Exercise aim ::
Retype all of the listing exactly, with no pictures.
══ Provided data ══
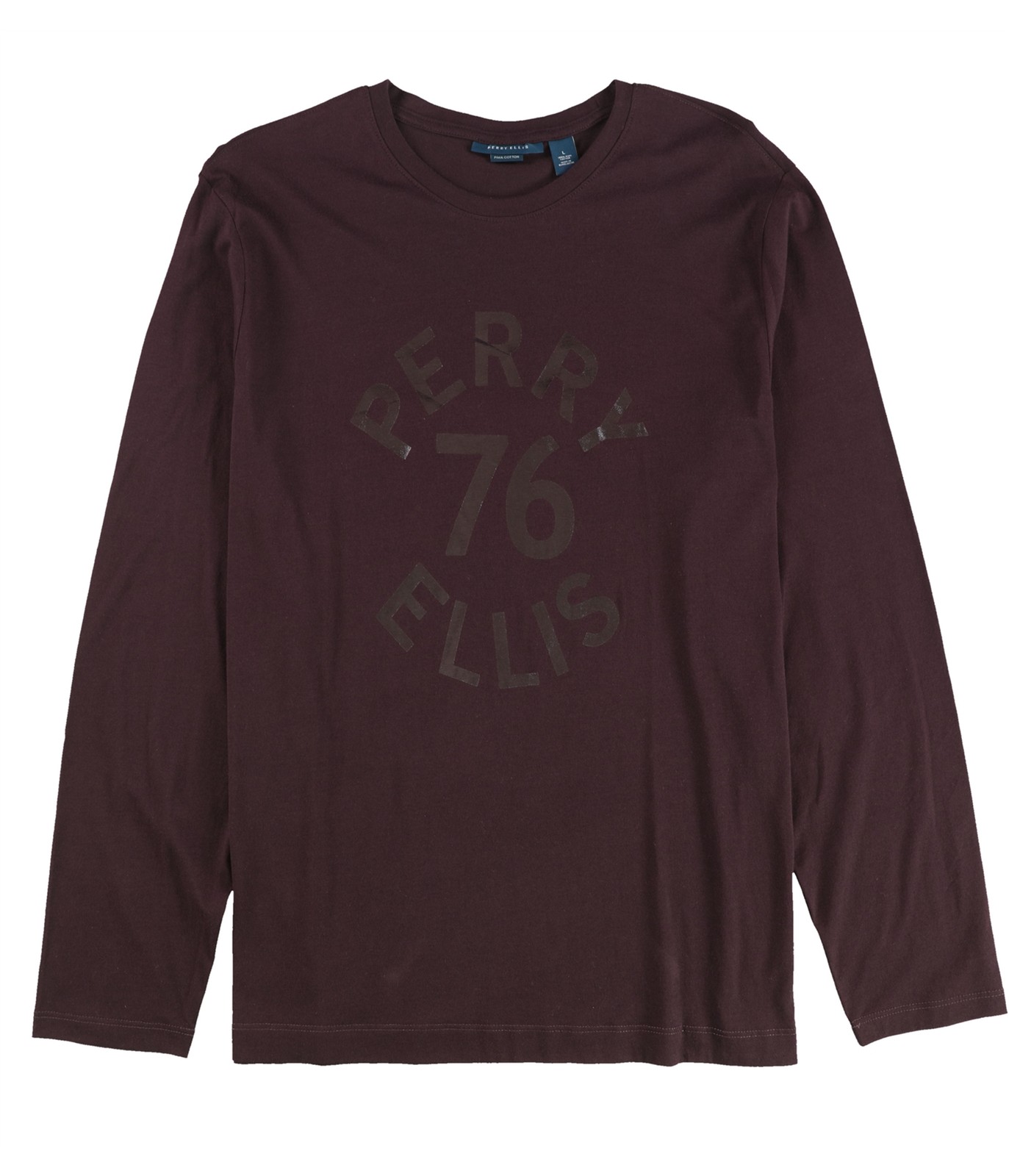 Базовая футболка Perry Ellis Mens 76 фиолетовая большого размера 5890₽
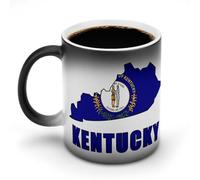Kentucky Map Flag United States Funny Mug Coffee Tea Cup Color Changing Heat Sensitive for Home Office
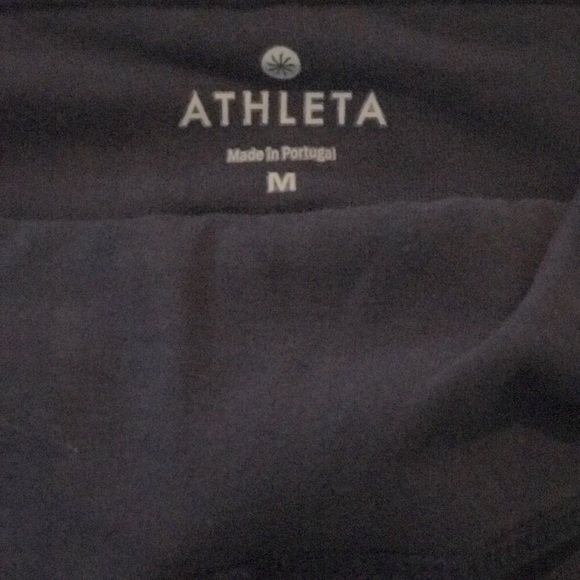 Athleta Navy Capri legging -size M - Picture 2 of 5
═══
Solution for this problem ::
 Базовая футболка Perry Ellis Mens 76 фиолетовая большого размера 5890₽
Kentucky Map Flag United States Funny Mug Coffee Tea Cup Color Changing Heat Sensitive for Home Office
 Athleta Navy Capri legging -size M - Picture 2 of 5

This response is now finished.